══ Entries supplied

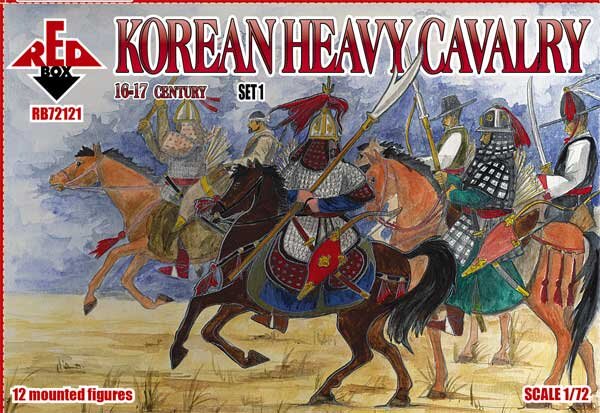 Korean Heavy Cavalry 16 - 17 Century - Set 1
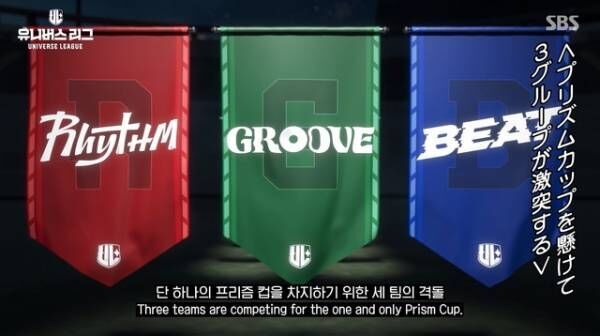 日本人参加者は7名「UNIVERSE LEAGUE」第1話、本日18時より放送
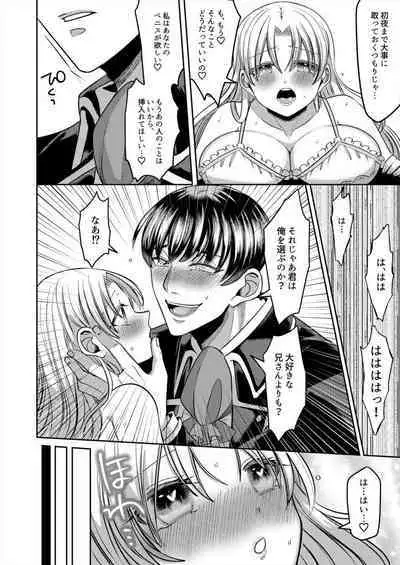 [Aikawa Meruo] Netorare Reijou ~Gitei no Iyarashii Aibu de Iki Kuruu Hanayome~ 1-2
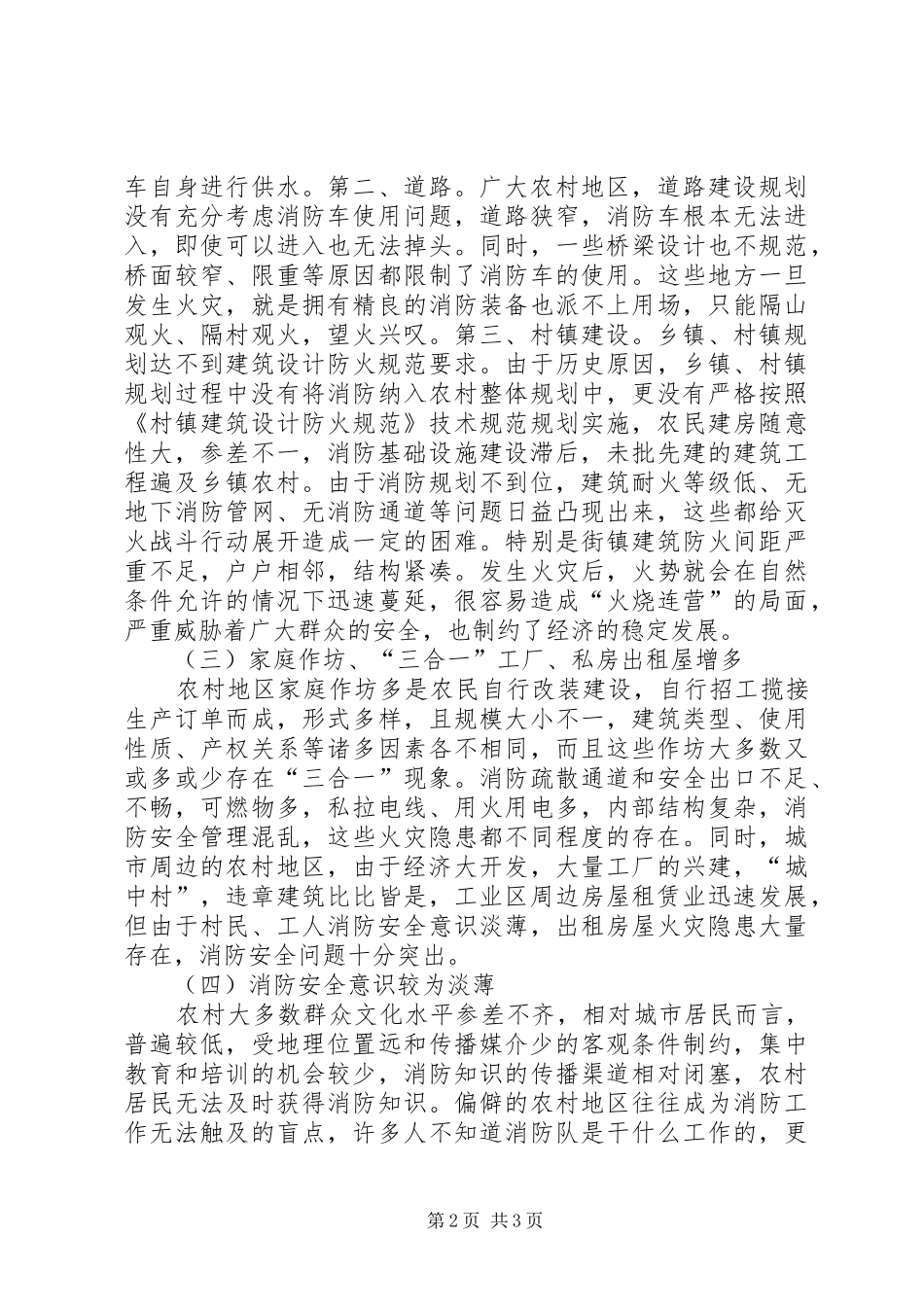2024年对农村地区消防安全探析_第2页
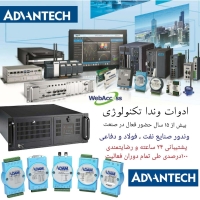 تأمین و تجهیز اتوماسیون و کامپیوترهای صنعتی ADVANTECH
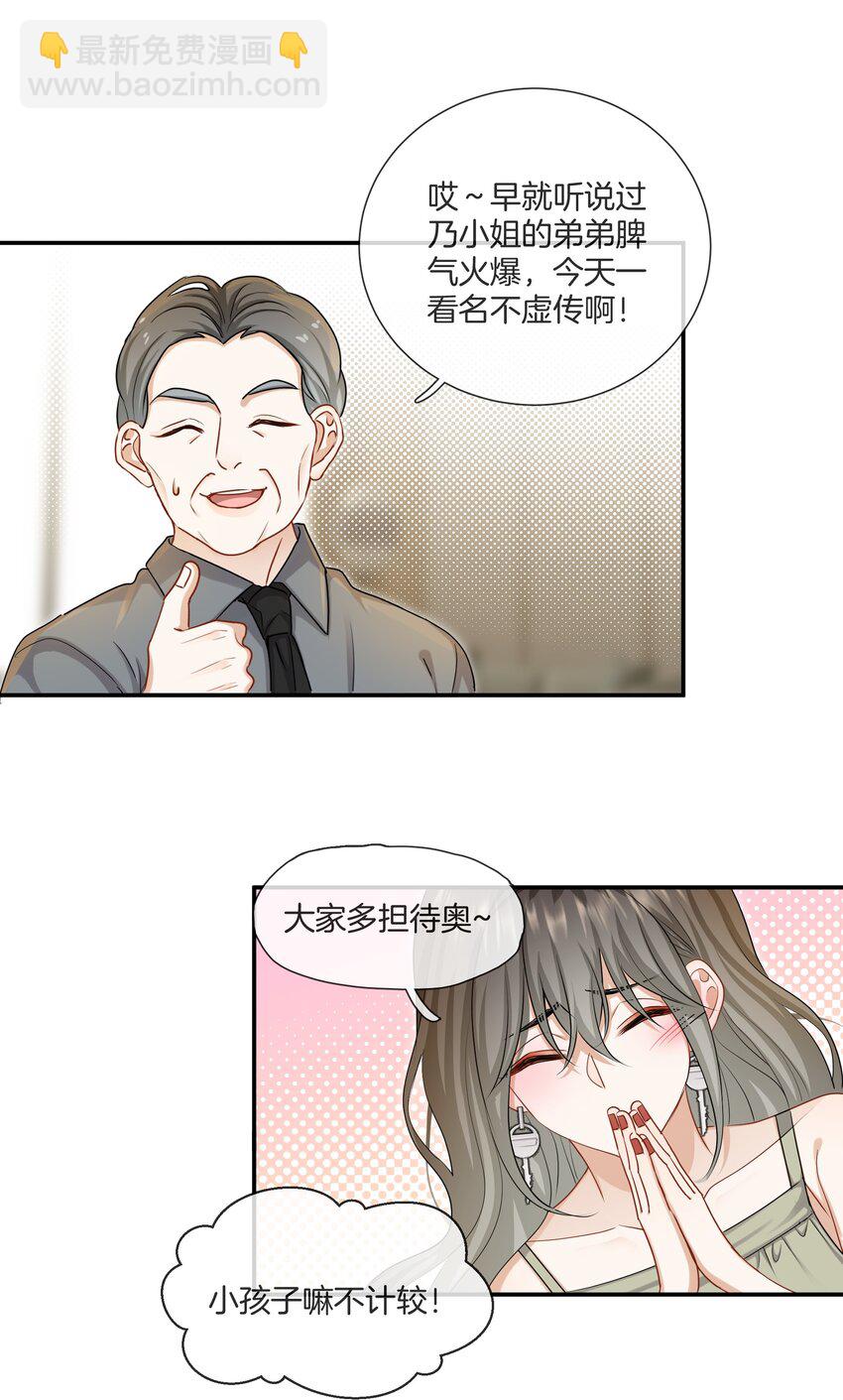 《这个姐姐不太正常》048 姐就喜欢体力好的！ 第16页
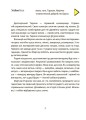 Межі соцмережі. Медіаграмотність для дітей КНН035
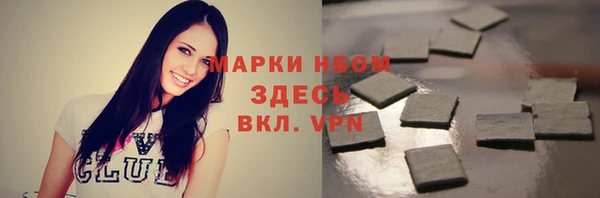 альфа пвп Козловка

════

Work to complete: Working from the records above, reproduce exactly the lines from the one with "日本人参加者は7名「UNIVERSE LEAGUE」第1話、本日18時より放送" through the last line, without the pictures.

Task answer:
 日本人参加者は7名「UNIVERSE LEAGUE」第1話、本日18時より放送
 [Aikawa Meruo] Netorare Reijou ~Gitei no Iyarashii Aibu de Iki Kuruu Hanayome~ 1-2
2024年对农村地区消防安全探析_第2页
 تأمین و تجهیز اتوماسیون و کامپیوترهای صنعتی ADVANTECH
 《这个姐姐不太正常》048 姐就喜欢体力好的！ 第16页
 Межі соцмережі. Медіаграмотність для дітей КНН035
 альфа пвп Козловка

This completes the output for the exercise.